Dear Alumni and Friends,
We’re well into autumn semester as I write — that energizing time when students are again packing the Oval, the Union, the libraries, and the classrooms and lounges in Denney Hall. In our departmental Commons Room on the third floor, we have hosted a week-long training workshop for new graduate teaching associates and an orientation for new MFA and PhD students, and recently students gathered there to audition for the autumn production of Lord Denney’s Players (and to eat pizza). In our classrooms, students are sharing their writing, discussing their readings, and challenging themselves to consider new ideas and perspectives.

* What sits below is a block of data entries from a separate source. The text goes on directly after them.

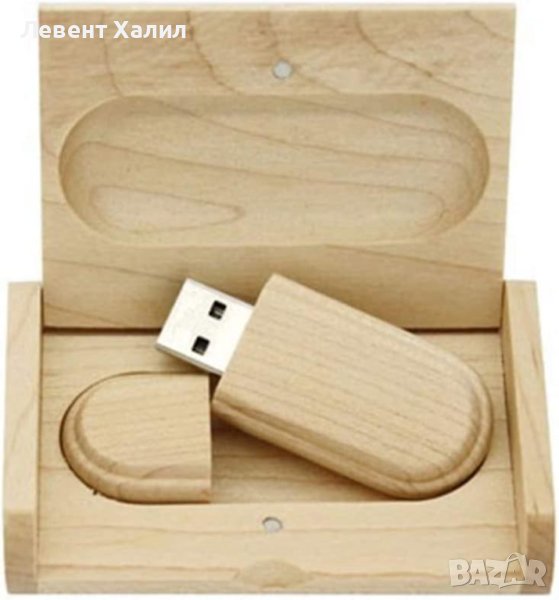 Дървена флашка 64 gb USB 3.0, с кутийка, флаш памет, снимка 1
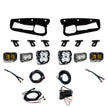 Squadron 2.0 Sport/S2 Sport/S2 Sae Sportman Fog Pocket Light Kit Ford 2021-27 Bronco 2022-24 Bronco Raptor w/ Steel Bumper Baja Amber Toggle Baja Designs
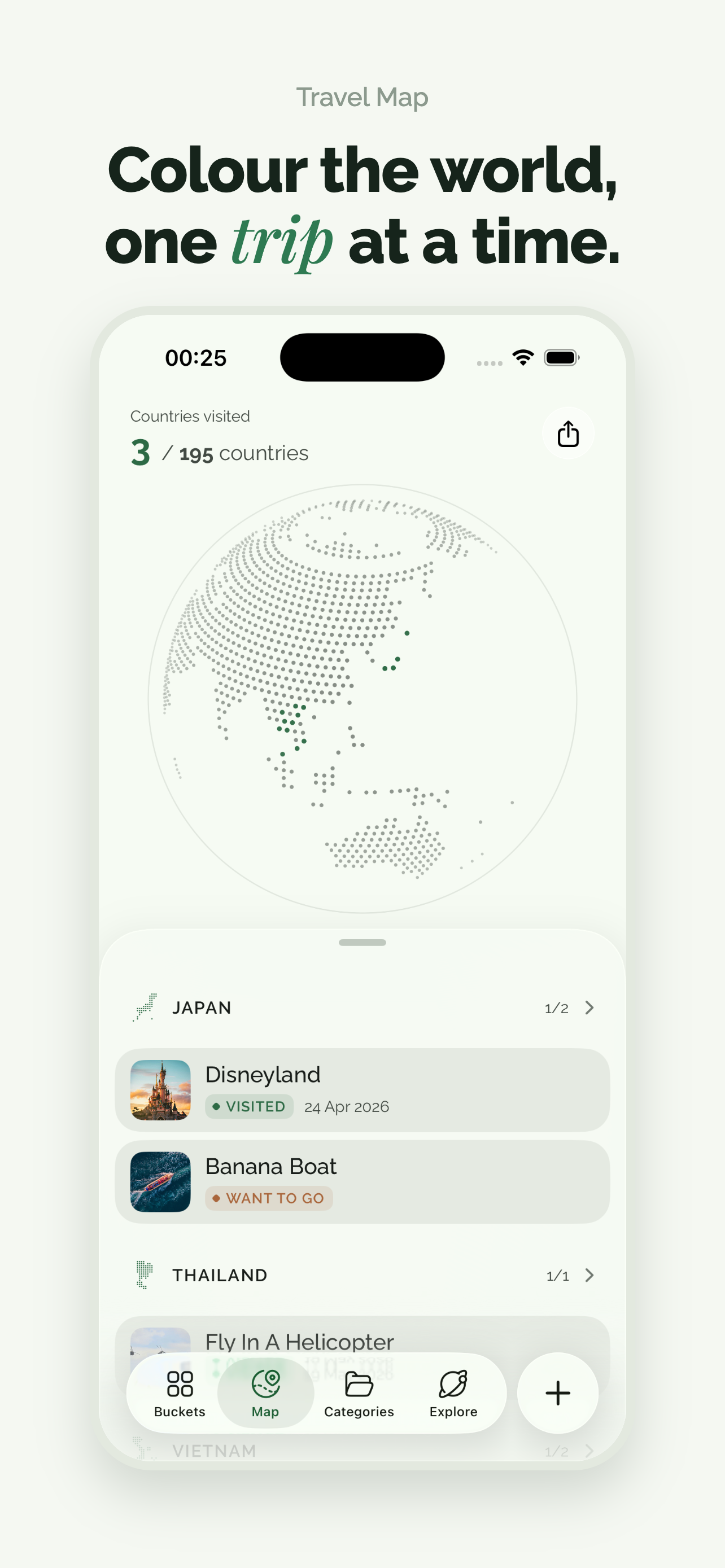 Buckist: Bucket List Planner screenshot 2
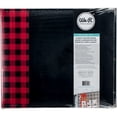 thumbnail image 1 of We R Designer Faux Leather D-Ring Album 12"X12"-Buffalo Check Red, 1 of 2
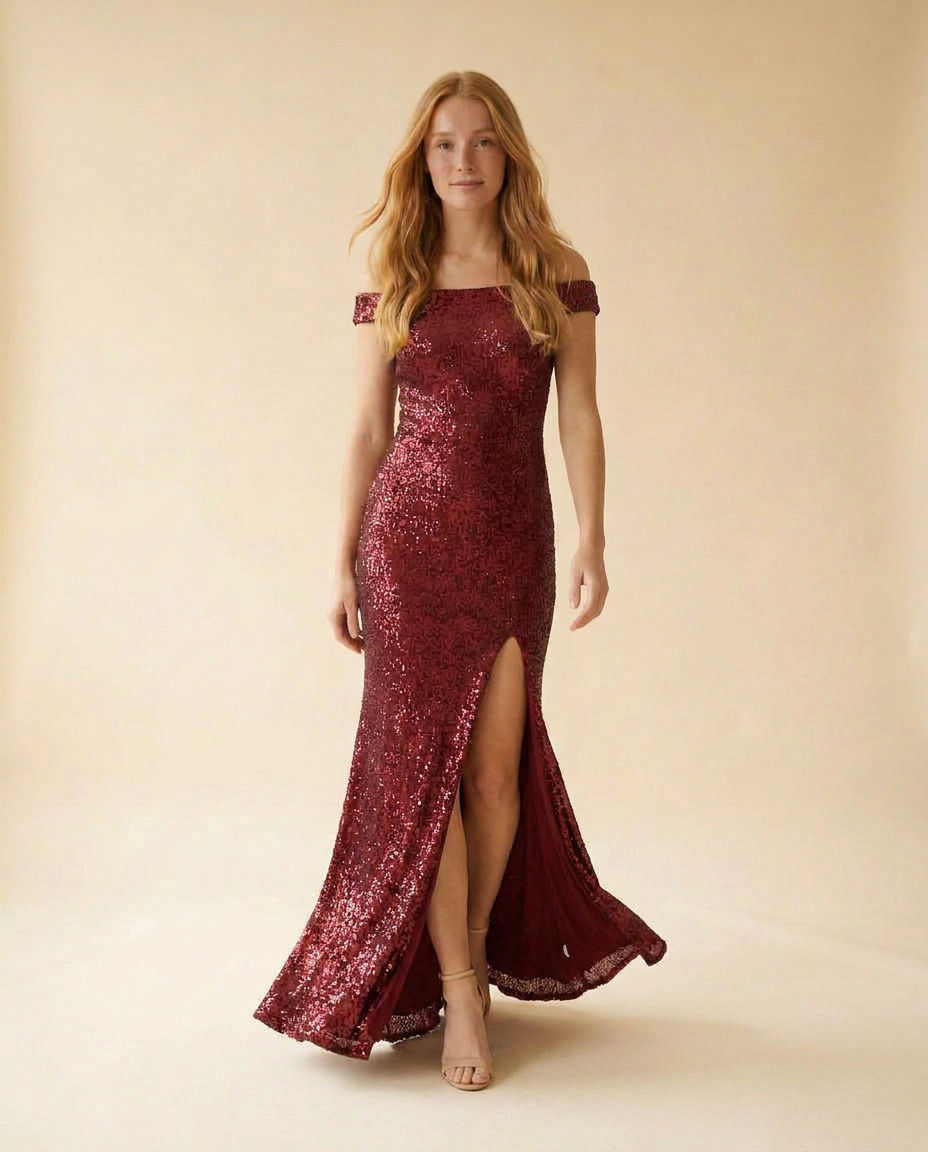 Robe bustier avec manches Bourgogne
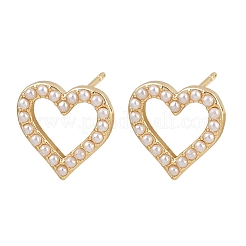 Boucles d'oreilles à tige en laiton&nbsp;EJEW-L275-14G-04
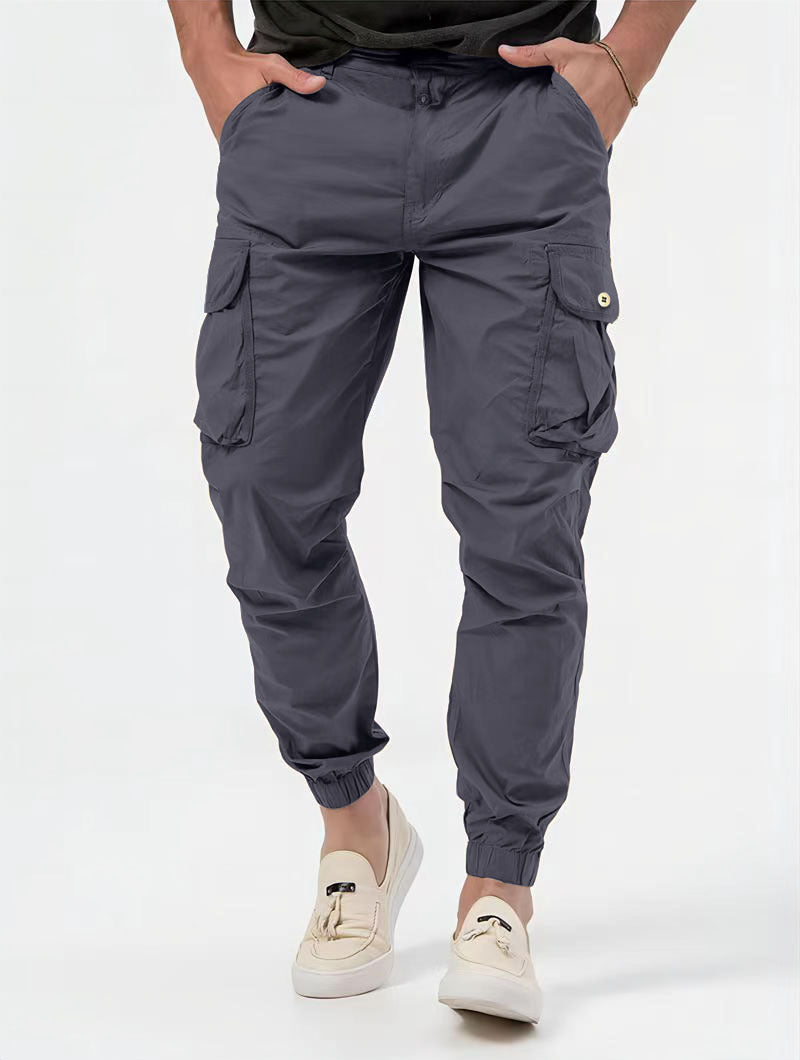 Men's Cargo Trousers With Three-dimensional Pockets pants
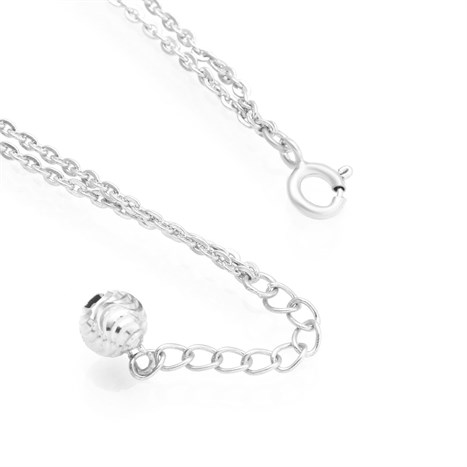 Lắc Tay Bạc Nữ Đính Đá Mạ Vàng Trắng AvaJi AVJ.B000088 Màu Bạc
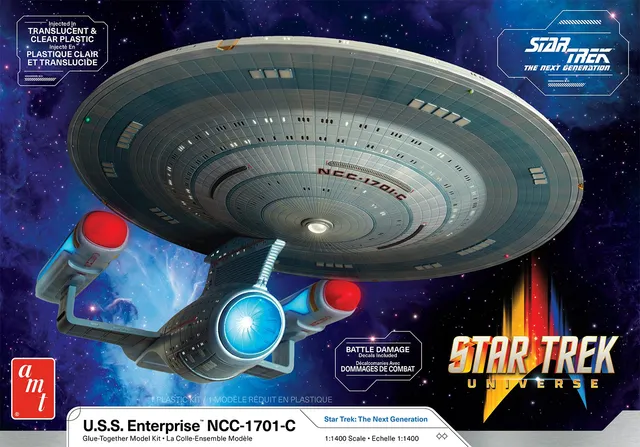amt-uss-enterprise-ncc-1701-c-kit-maquette-1-1400-star-trek image 1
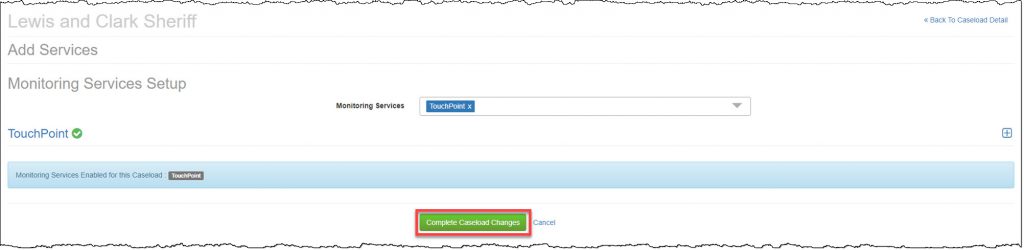 Caseload Detail page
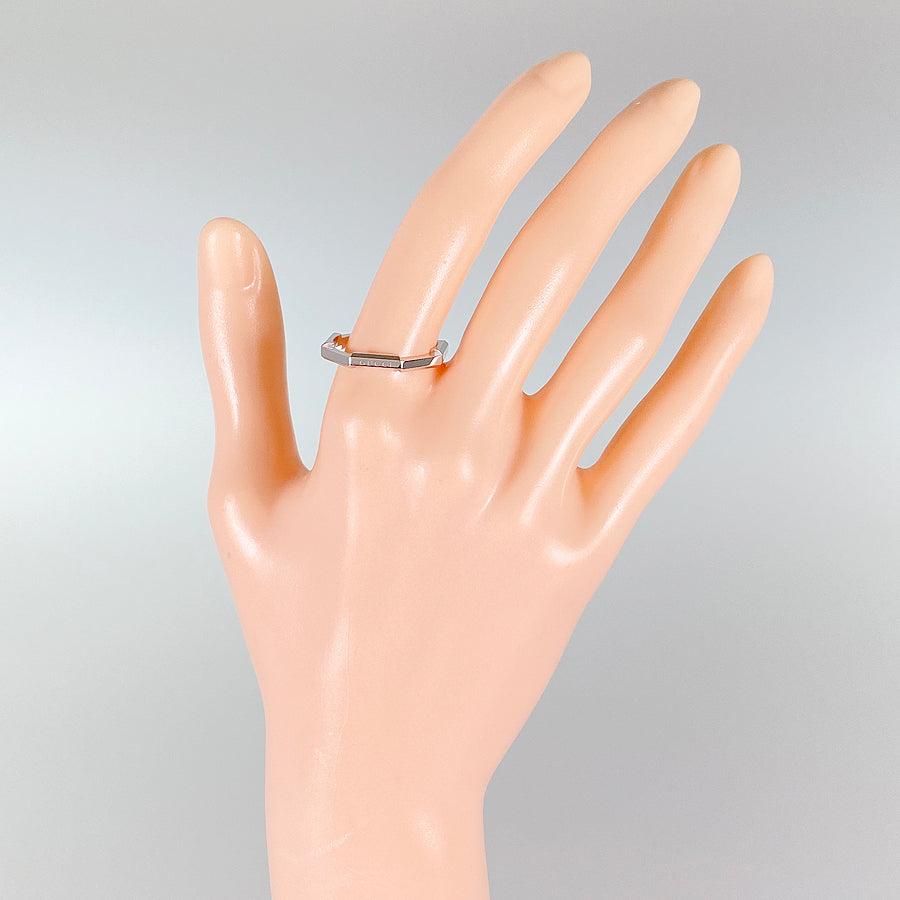 GUCCI Gucci Link to Love Mirror Ring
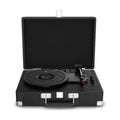 Platine Vinyle Valise Noire Portable Bluetooth | Kaddanse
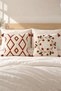 2 Decorative Kilim Rug and Daisy-Patterned Cushion Covers with Invisible Zippers and Tassels, 42x42 cm - 7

And yet, it feels like summer, and I’m still relishing the memory of the Young Writers Workshop in July, when high school students descended on Denney Hall for a week of practicing their creative writing with a group of visiting faculty. I’ve also been finishing my summer reading. Many thanks to those of you who sent in your suggestions for what to read: the complete list is below. One of my own favorite picks was Banyan Moon , the beautiful debut novel by Thao Thai (’12 MFA). The absorbing story of three generations of mothers and daughters, Banyan Moon offers a haunting meditation on the convergence of the past and future. Early in the novel, Thai memorably captures the richness of that “in-between space” in her character Ann’s description of dusk as the time of day “where the warmth of the sun begins to give way to the squeeze of the night.”
As the Department of English begins a new year, we are in an “in-between” space not only between summer and fall, but also between the old and new, or as Buckeyes would have it, between time and change. This semester, our faculty are teaching new courses like Literature and Leadership alongside special topics courses on Shakespeare and Jane Austen, and we continue to think about when and how to integrate Artificial Intelligence (AI) tools into our courses. (View the university’s statement on AI here.)
As always, our students help drive interest in new areas of English studies. Below, you will find several examples of how our graduate students, in particular, are working as change agents. Carlos Gabriel Kelly González (’22 PhD) has pushed the study of narrative and storytelling to action-adventure video games in his new book Ready Player Juan. Erin Bahl (’18 PhD), who studies new media and digital technologies, collaborated with Associate Professor Margaret Price to design a prize-winning webtext that explores audio description as a digital-composing practice. And current PhD student Caleb Gonzalez ’s research on writing programs at Hispanic Serving Institutions and teaching Ohio State’s Young Scholars program was recognized in May by Vice President Kamala Harris.
I hope that you enjoy these stories and the innovation they represent. At the same time, I hope you reflect on your own memories of Ohio State. The College of Arts and Sciences is hosting a Homecoming celebration on October 7 if you’d like to return to the Oval on a beautiful fall Saturday.